ACM Transactions on Intelligent Systems and Technology | 2011
Lei Tang; Xufei Wang; Huan Liu
The prolific use of participatory Web and social networking sites is reshaping the ways in which people interact with one another. It has become a vital part of human social life in both the developed and developing world. People sharing certain similarities or affiliates tend to form communities within social media. At the same time, they participate in various online activities: content sharing, tagging, posting status updates, etc. These diverse activities leave behind traces of their social life, providing clues to understand changing social structures. A large body of existing work focuses on extracting cohesive groups based on network topology. But little attention is paid to understanding the changing social structures.
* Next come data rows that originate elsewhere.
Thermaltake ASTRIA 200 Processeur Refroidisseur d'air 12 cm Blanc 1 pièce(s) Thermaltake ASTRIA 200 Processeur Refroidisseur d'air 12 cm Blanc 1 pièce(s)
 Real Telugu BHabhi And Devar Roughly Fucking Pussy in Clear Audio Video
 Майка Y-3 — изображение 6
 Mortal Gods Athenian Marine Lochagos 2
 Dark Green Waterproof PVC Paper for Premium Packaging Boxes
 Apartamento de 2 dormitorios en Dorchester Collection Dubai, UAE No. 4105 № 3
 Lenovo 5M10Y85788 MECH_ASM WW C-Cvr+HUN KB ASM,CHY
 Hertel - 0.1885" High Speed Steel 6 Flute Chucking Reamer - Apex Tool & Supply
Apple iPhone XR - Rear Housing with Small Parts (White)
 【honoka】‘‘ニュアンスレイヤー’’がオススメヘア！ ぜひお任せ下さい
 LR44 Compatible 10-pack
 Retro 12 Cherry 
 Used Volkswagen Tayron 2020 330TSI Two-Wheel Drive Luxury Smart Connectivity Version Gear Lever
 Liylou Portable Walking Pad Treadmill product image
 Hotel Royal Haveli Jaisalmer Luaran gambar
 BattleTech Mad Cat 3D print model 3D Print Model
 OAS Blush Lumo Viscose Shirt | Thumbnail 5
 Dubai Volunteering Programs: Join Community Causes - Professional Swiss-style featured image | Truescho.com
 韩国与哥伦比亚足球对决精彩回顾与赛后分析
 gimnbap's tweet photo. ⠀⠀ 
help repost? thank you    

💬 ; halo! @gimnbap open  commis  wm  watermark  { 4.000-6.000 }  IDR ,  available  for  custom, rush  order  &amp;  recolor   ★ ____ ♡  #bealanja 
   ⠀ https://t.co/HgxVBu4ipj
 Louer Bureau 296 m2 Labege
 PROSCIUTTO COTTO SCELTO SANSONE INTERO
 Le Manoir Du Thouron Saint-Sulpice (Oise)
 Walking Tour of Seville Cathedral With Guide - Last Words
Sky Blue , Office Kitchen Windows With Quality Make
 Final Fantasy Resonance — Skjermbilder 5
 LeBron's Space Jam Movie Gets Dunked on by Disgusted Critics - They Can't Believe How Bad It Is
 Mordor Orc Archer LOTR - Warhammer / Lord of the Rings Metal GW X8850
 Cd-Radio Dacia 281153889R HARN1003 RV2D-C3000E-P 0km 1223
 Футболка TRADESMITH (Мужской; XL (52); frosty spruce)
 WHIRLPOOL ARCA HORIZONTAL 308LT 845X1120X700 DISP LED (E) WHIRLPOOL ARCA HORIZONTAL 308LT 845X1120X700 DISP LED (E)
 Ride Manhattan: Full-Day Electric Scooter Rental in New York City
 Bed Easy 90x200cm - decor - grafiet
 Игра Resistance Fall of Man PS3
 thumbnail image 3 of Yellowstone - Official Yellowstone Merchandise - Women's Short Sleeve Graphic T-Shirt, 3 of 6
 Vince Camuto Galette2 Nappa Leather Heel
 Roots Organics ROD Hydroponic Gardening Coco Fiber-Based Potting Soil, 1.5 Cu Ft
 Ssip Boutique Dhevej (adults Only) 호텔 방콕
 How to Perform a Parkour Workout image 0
In order to help explain the formation of a group, we explore different group-profiling strategies to construct descriptions of a group. This research can assist network navigation, visualization, and analysis, as well as monitoring and tracking the ebbs and tides of different groups in evolving networks. By exploiting information collected from real-world social media sites, extensive experiments are conducted to evaluate group-profiling results. The pros and cons of different group-profiling strategies are analyzed with concrete examples. We also show some potential applications based on group profiling. Interesting findings with discussions are reported.